Earnings reporting season is just about to get started. This market has run for months on ‘hope and air’ – while a significant percentage of people are hoping to sell out around 10K – while Trillions of $’s more stimulus is waiting to be released – while Unemployment is still a disaster – while Fund Managers that didn't own the market are trying to get in, while etc. We’re coming to an interesting “no mans land” where virtually anything could happen. Earlier this week, the DOW hit 9937, just shy of taking a swipe at DOW 10K, but we rolled over a bit. We are in no hurry to try and go short, not with the very, heavy hand of Ben Bernanke and lurking in the background.
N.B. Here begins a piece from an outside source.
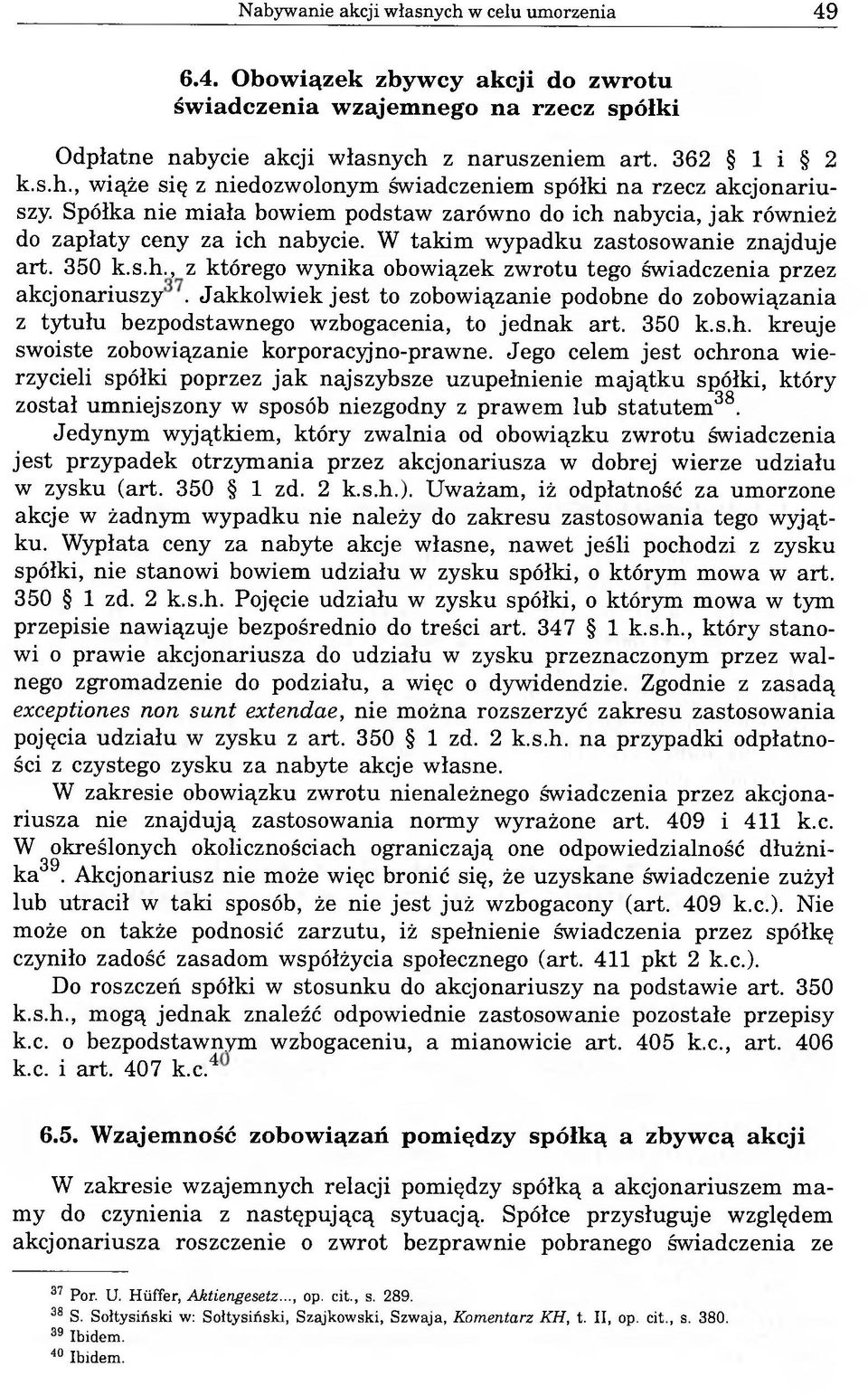 Jakkolwiek jest to zobowiązanie podobne do zobowiązania z tytułu bezpodstawnego wzbogacenia, to jednak art. 350 k.s.h. kreuje swoiste zobowiązanie korporacyjno-prawne.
Ben and the PPT can move this market 200 points in a day by firing off well-placed futures trades. After a run up of this size, one may have thought that a pretty good sized pull back might have been in order – yet the way we ended Wed/Thur/Friday (down 80, down 30, down 40) – nothing was dramatic or scary. That gives us the thought that they still don't want to roll us over yet. My guess is that the first half of the week is ‘weak’, and then by Thursday (the new month and quarter) they will try and work the market higher ahead of the big deluge of earnings reports. One thing is quite certain, any company that disappoints (such as RIMM in the short-term) is simply going to be slaughtered. If enough of the early reporting companies can pull off an earnings miracle and deliver “Happy Talk”, the market very well make that last big "blast higher" that sends us over 10K for a bit. But, if we don't see enough of them making the grade, there's probably a good chance the market will use those bad reports for the excuse to send us lower in a hurry.
Be careful out there and Don't Push Trades. There are too many forces acting on the market to have anything considering a real "market feel", and when things are like that, we like to be sitting in cash waiting for the next development, either up or down.
- we’re still holding MOO – agricultural space ETF)
- we’re still holding IPI – agricultural – potash arena
- AMZN is a darling – and should move up when the market heals
- UYM we've played many times – and a move over 30.40 brings me in.
- DBB is interesting if it gets over 19.
- JOYG over 50 is a very interesting position.
- BUCY over 36.30 brings me in
- CHNG is a China play on Natural Gas – I see accumulation there – a move over 13.35 and we’re in.
- PDC is a U.S. play on Nat Gas - a move over 7 is good
- AGT is a small (speculative) gold play – a move over 0.65 pulls me in
- FMCN a move over 11.00 could be very rewarding.